A decisão de ocupar a cidade

Edição Impressa
Tipo Notícia

Lucinthya Gomes

lucinthya@opovo.com.br

Jornalista do O POVO

 

Cresci na periferia, indo e vindo de ônibus, fazendo longos percursos a pé, porque nem sempre a parada ficava próxima de casa ou da escola, ou da universidade. Tenho muitas lembranças de quando saía com meus pais carregando as compras do supermercado por vários quarteirões.
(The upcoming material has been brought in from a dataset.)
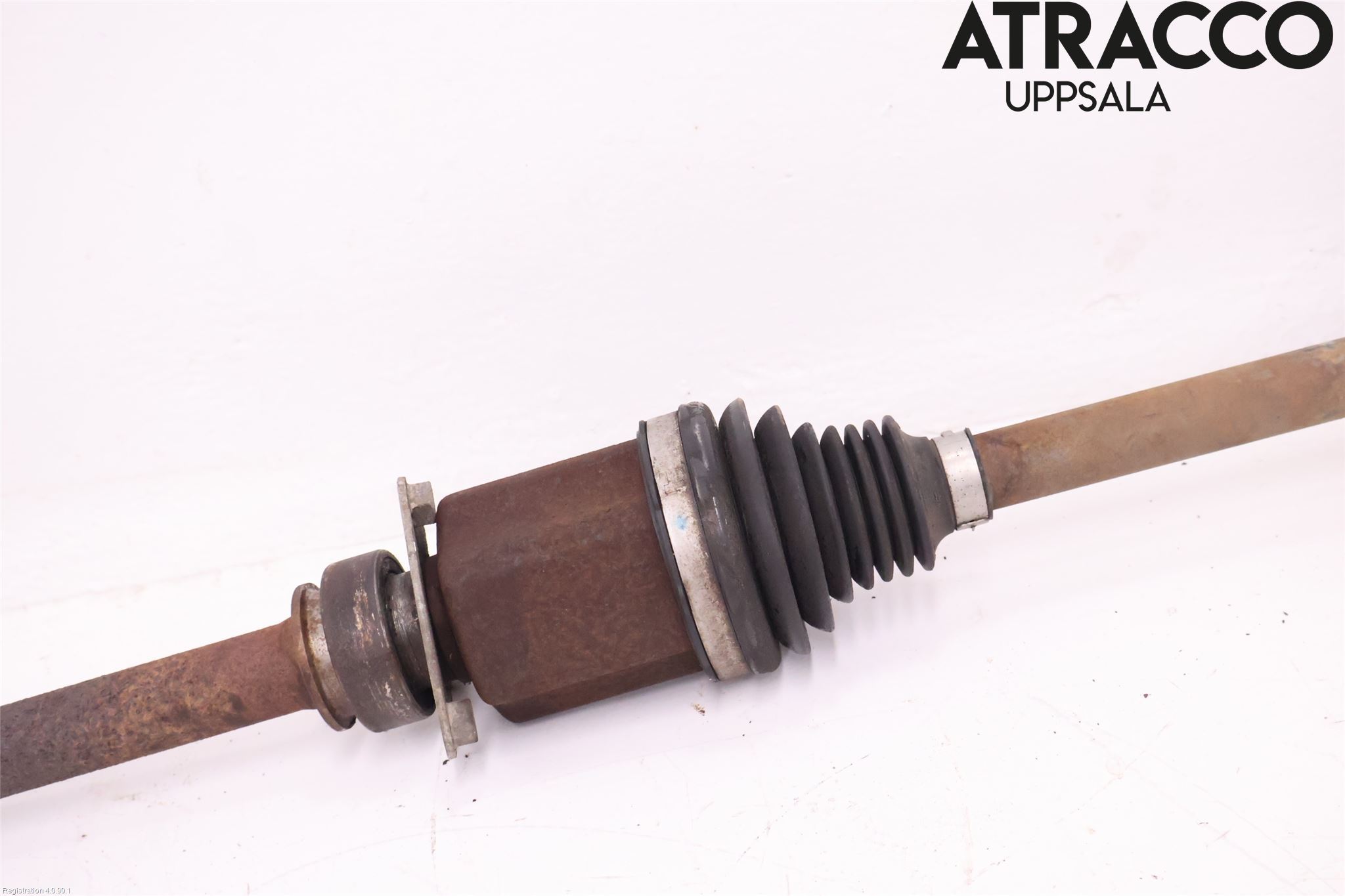 Fiat 500X 15- Drivaxel Fram Höger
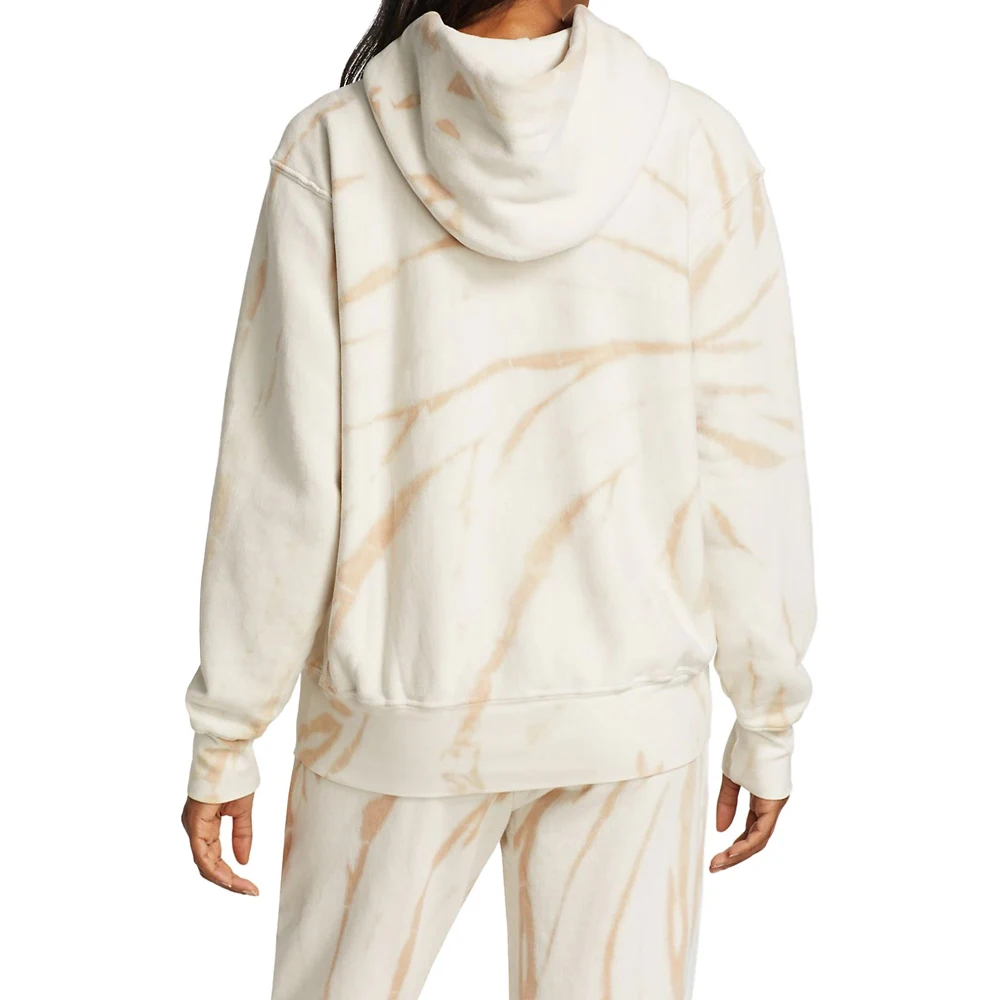 Модная одежда, худи с принтом галстука для женщин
Até nasce um sorriso, quando me recordo do peso das sacolas, que me fazia apressar o passo e, de vez em quando, querer descansar as mãos deixando as compras por uns minutinhos na calçada.

 

Há muito de memória afetiva nas andanças pelo bairro. Como comprar bombom na bodega da Dona Almerinda, sempre querida, e nas histórias da Ana Cristina, que vivia apaixonada. Fiz também várias amizades dentro de ônibus. Conhecia o motorista do meu horário de ir à escola e morria de vergonha nas vezes em que, por distração, pedia a bênção para ele, em vez de apenas agradecer a viagem.

 

Mas a periferia em que cresci foi se esvaziando. A minha relação com a rua, com cada vez menos cadeiras na calçada, se modificou. Adulta, me vi fazendo escolhas na tentativa de me esquivar da violência. Depois que comecei a trabalhar, tive a chance de comprar meu próprio carro. Quando saí da casa dos meus pais, priorizei lugares com mais segurança e serviços.

 

A rotina passou a se resolver de carro. Contudo, me parece que a ilusão de maior proteção, muitas vezes, compromete a convivência com o outro e com a própria cidade. Por isso, nunca deixei de caminhar pela vizinhança, "pegar sereno" de noitinha, me encantar pelas poucas residências de muro baixo, pelos jardins aparentes. Há um sentimento de liberdade em estar na rua. Com certa frequência, volto do supermercado a pé, carregando uma caixa com minhas compras. Fico feliz ao ver a pracinha conservada e habitada (e penso que também deveria ser assim no bairro onde eu morava).

 

No último mês, resolvi voltar a fazer alguns percursos de ônibus. Com todas as dificuldades que persistem no transporte público, tenho percebido comodidades em deixar o carro na garagem. De vez em quando, um relato ou outro de assalto me faz ter o impulso de recuar. Contudo, sinto não ser justo comigo mesma me paralisar pelo medo. Ocupar a rua tem sido uma decisão. Como recompensa, vou multiplicando os acenos e cumprimentos com a cidade e seus moradores.